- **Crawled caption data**
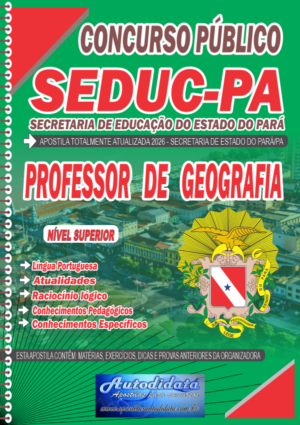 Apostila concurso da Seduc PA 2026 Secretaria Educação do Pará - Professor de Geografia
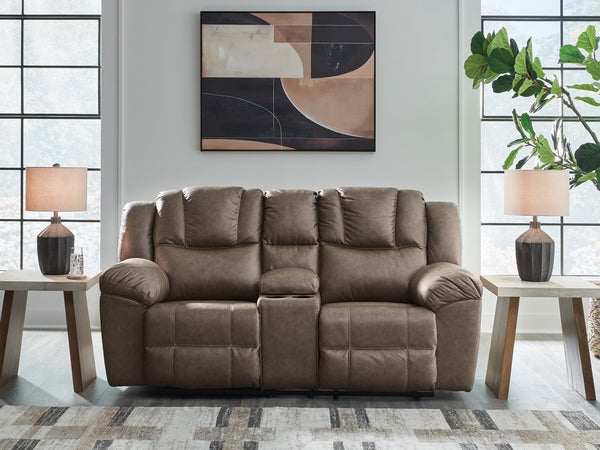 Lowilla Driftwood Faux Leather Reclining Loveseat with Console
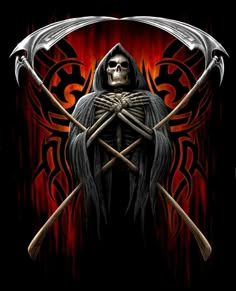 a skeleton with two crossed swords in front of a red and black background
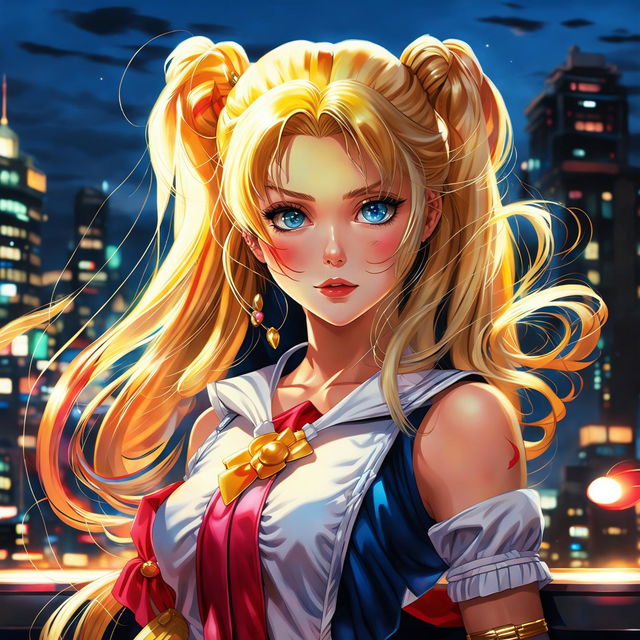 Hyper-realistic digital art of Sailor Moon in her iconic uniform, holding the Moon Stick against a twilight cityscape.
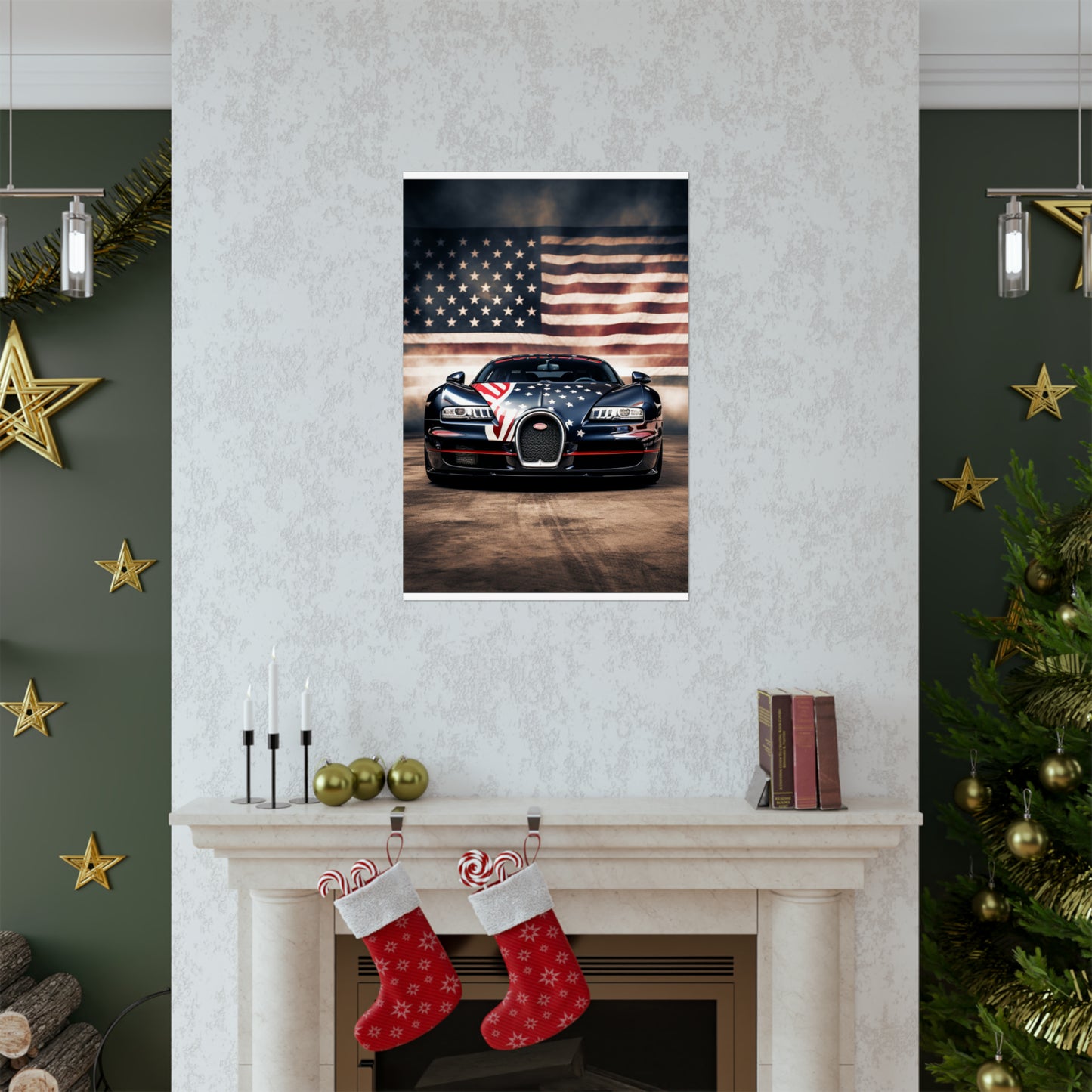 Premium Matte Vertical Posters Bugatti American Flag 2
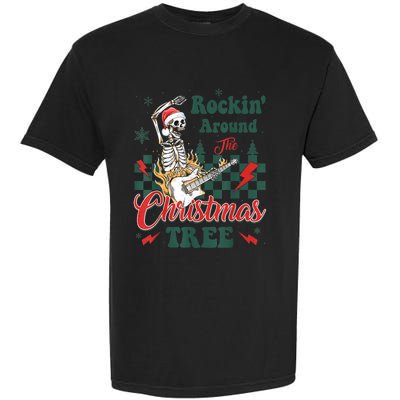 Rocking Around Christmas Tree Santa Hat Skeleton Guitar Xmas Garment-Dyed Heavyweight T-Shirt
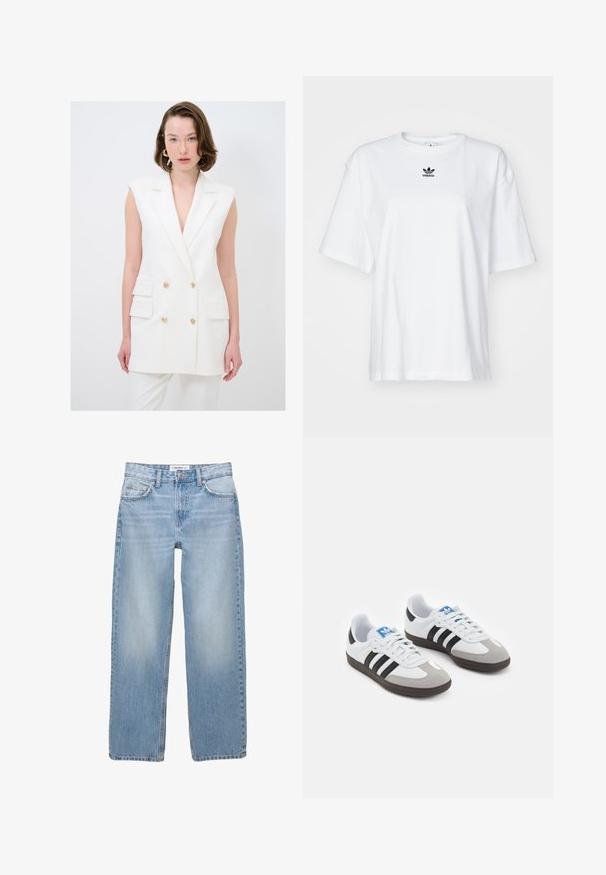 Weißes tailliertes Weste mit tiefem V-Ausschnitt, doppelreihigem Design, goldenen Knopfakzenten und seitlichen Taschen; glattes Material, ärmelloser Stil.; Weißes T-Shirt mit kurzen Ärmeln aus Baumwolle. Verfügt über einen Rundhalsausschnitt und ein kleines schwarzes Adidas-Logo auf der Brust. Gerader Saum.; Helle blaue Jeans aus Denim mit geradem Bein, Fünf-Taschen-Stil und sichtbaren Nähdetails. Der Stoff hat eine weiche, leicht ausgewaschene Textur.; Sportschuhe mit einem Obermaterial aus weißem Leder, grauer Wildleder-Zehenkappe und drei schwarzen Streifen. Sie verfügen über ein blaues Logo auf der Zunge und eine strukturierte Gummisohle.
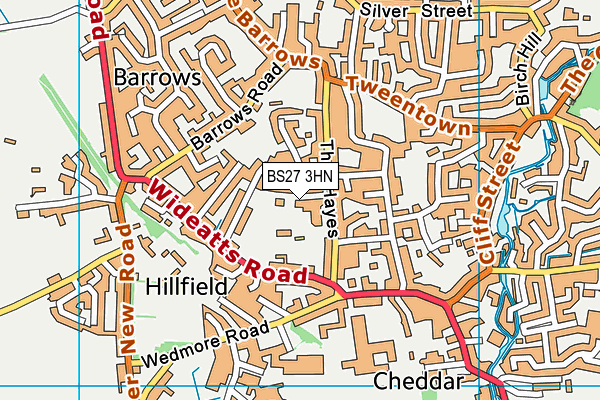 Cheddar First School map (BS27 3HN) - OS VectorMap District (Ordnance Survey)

- **Exercise prompt**
Only the lines from the one with "Weißes tailliertes Weste" through the last line of the records above are wanted, copied exactly and with pictures omitted.

- **Task output**
 Weißes tailliertes Weste mit tiefem V-Ausschnitt, doppelreihigem Design, goldenen Knopfakzenten und seitlichen Taschen; glattes Material, ärmelloser Stil.; Weißes T-Shirt mit kurzen Ärmeln aus Baumwolle. Verfügt über einen Rundhalsausschnitt und ein kleines schwarzes Adidas-Logo auf der Brust. Gerader Saum.; Helle blaue Jeans aus Denim mit geradem Bein, Fünf-Taschen-Stil und sichtbaren Nähdetails. Der Stoff hat eine weiche, leicht ausgewaschene Textur.; Sportschuhe mit einem Obermaterial aus weißem Leder, grauer Wildleder-Zehenkappe und drei schwarzen Streifen. Sie verfügen über ein blaues Logo auf der Zunge und eine strukturierte Gummisohle.
 Cheddar First School map (BS27 3HN) - OS VectorMap District (Ordnance Survey)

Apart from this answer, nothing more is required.